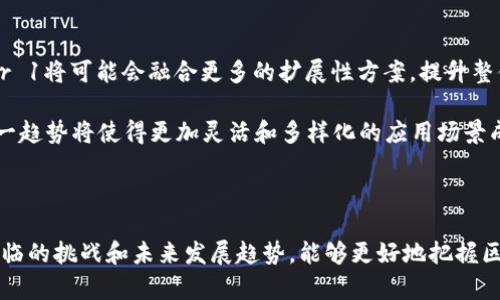 baozi区块链L1的全面解析：理解Layer 1及其重要性/baozi

区块链, Layer 1, L1, 去中心化/guanjianci

什么是Layer 1（L1）？

在区块链技术中，“Layer 1”指的是基础层次的区块链网络，通常也被称为第一层区块链。在这一层，所有的交易、数据存储和共识机制都直接在链上进行，而不依赖于其他层或协议。这意味着整个系统的安全性和效率完全依赖于这一层的设计和实现。

Layer 1的工作原理

Layer 1区块链通过一个去中心化的分布式账本来记录交易。这些交易被打包成区块并通过矿工或验证者的共识机制进行确认。一旦一个块被添加到链上，它就无法被更改或删除，从而保证了数据的完整性。

每一笔交易的确认通常是通过工作量证明（Proof of Work）或权益证明（Proof of Stake）等机制来完成的。工作量证明需要超过半数的矿工解决复杂的数学问题，而权益证明则根据持币数量和时间来选取验证者。

区块链L1的优势

Layer 1区块链的优势在于它们通常提供了高安全性和去中心化特性。相较于第二层解决方案，L1的直接交易和数据处理意味着不存在中介层，因此交易的处理时间和成本通常更为透明。不少用户和开发者认为，Layer 1更能保持区块链技术的核心理念。

L1与L2的关系

为了更好地理解L1的定位，比较L1和其派生的第二层技术至关重要。L2可以看作是建立在L1之上的扩展方案，旨在提高交易处理速度和降低费用。例如，闪电网络（Lightning Network）是比特币的一个L2解决方案，而以太坊的Rollups则是其L2应用之一。

传统的L1区块链在面对高交易量时，可能会遇到性能瓶颈，此时L2技术可以帮助缓解这些压力。L2将部分交易处理转移出主链，从而减轻L1链上的负担。不过，L1依然是保障网络安全性和去中心化的核心构件。

各种Layer 1区块链的例子

在区块链的世界中，直接而著名的L1区块链有比特币（Bitcoin）和以太坊（Ethereum）。比特币作为第一个加密货币，其L1区块链实现了简单而有效的价值转移解决方案。以太坊则引入了智能合约，进一步提升了L1的功能，允许开发者在其平台上构建去中心化应用程序（DApps）。

除了比特币和以太坊，目前市场上也有不少其他的L1区块链，例如卡尔达诺（Cardano）、波卡（Polkadot）和Solana等。每个项目都有其独特的设计理念和技术架构，吸引着不同的开发者和用户。

Layer 1面临的挑战

尽管Layer 1区块链有很多优点，但也面临着一些挑战。随着用户基数的增加，网络拥堵和交易费用也相应上升，这在某种程度上冲击了用户体验。此外，安全性问题依旧是区块链的一大挑战，尤其是对于新兴的L1项目而言，从零开始建立信任和安全的机制并不容易。

而且，随着技术的发展，许多L1项目不断探索更高效的共识机制，以降低能源消耗和提高交易速度。如何在确保去中心化、安全性和扩展性之间找到平衡，将是未来L1区块链必须考虑的关键问题之一。

未来Layer 1的发展趋势

展望未来，Layer 1区块链可能会朝着更加的共识机制和跨链互操作性方向发展。从Layer 2的成功经验来看，Layer 1将可能会融合更多的扩展性方案，提升整体性能。此外，合规性和法规也将成为各大L1项目所需考虑的重要因素，尤其是在全球范围内日益严格的监管环境下。

为了适应不断变化的市场环境，Layer 1的设计也可能会更加模块化，以便于开发者进行个性化定制和二次开发。这一趋势将使得更加灵活和多样化的应用场景成为可能，推动整个区块链生态系统的进一步发展。

总结

Layer 1区块链是区块链技术的基石，承担着交易处理和数据存储的核心职责。通过了解L1与L2的关系，以及当前面临的挑战和未来发展趋势，能够更好地把握区块链技术的脉动。这一领域充满创新潜力，其发展将对未来数字经济与互联网络的构建产生深远影响。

DIRECTIONS FOR THIS TASK: Up to the line containing "除了比特币和以太坊，目前市场", skip everything; from that line through the last line above, return each line exactly.

SOLUTION:
除了比特币和以太坊，目前市场上也有不少其他的L1区块链，例如卡尔达诺（Cardano）、波卡（Polkadot）和Solana等。每个项目都有其独特的设计理念和技术架构，吸引着不同的开发者和用户。

Layer 1面临的挑战

尽管Layer 1区块链有很多优点，但也面临着一些挑战。随着用户基数的增加，网络拥堵和交易费用也相应上升，这在某种程度上冲击了用户体验。此外，安全性问题依旧是区块链的一大挑战，尤其是对于新兴的L1项目而言，从零开始建立信任和安全的机制并不容易。

而且，随着技术的发展，许多L1项目不断探索更高效的共识机制，以降低能源消耗和提高交易速度。如何在确保去中心化、安全性和扩展性之间找到平衡，将是未来L1区块链必须考虑的关键问题之一。

未来Layer 1的发展趋势

展望未来，Layer 1区块链可能会朝着更加的共识机制和跨链互操作性方向发展。从Layer 2的成功经验来看，Layer 1将可能会融合更多的扩展性方案，提升整体性能。此外，合规性和法规也将成为各大L1项目所需考虑的重要因素，尤其是在全球范围内日益严格的监管环境下。

为了适应不断变化的市场环境，Layer 1的设计也可能会更加模块化，以便于开发者进行个性化定制和二次开发。这一趋势将使得更加灵活和多样化的应用场景成为可能，推动整个区块链生态系统的进一步发展。

总结

Layer 1区块链是区块链技术的基石，承担着交易处理和数据存储的核心职责。通过了解L1与L2的关系，以及当前面临的挑战和未来发展趋势，能够更好地把握区块链技术的脉动。这一领域充满创新潜力，其发展将对未来数字经济与互联网络的构建产生深远影响。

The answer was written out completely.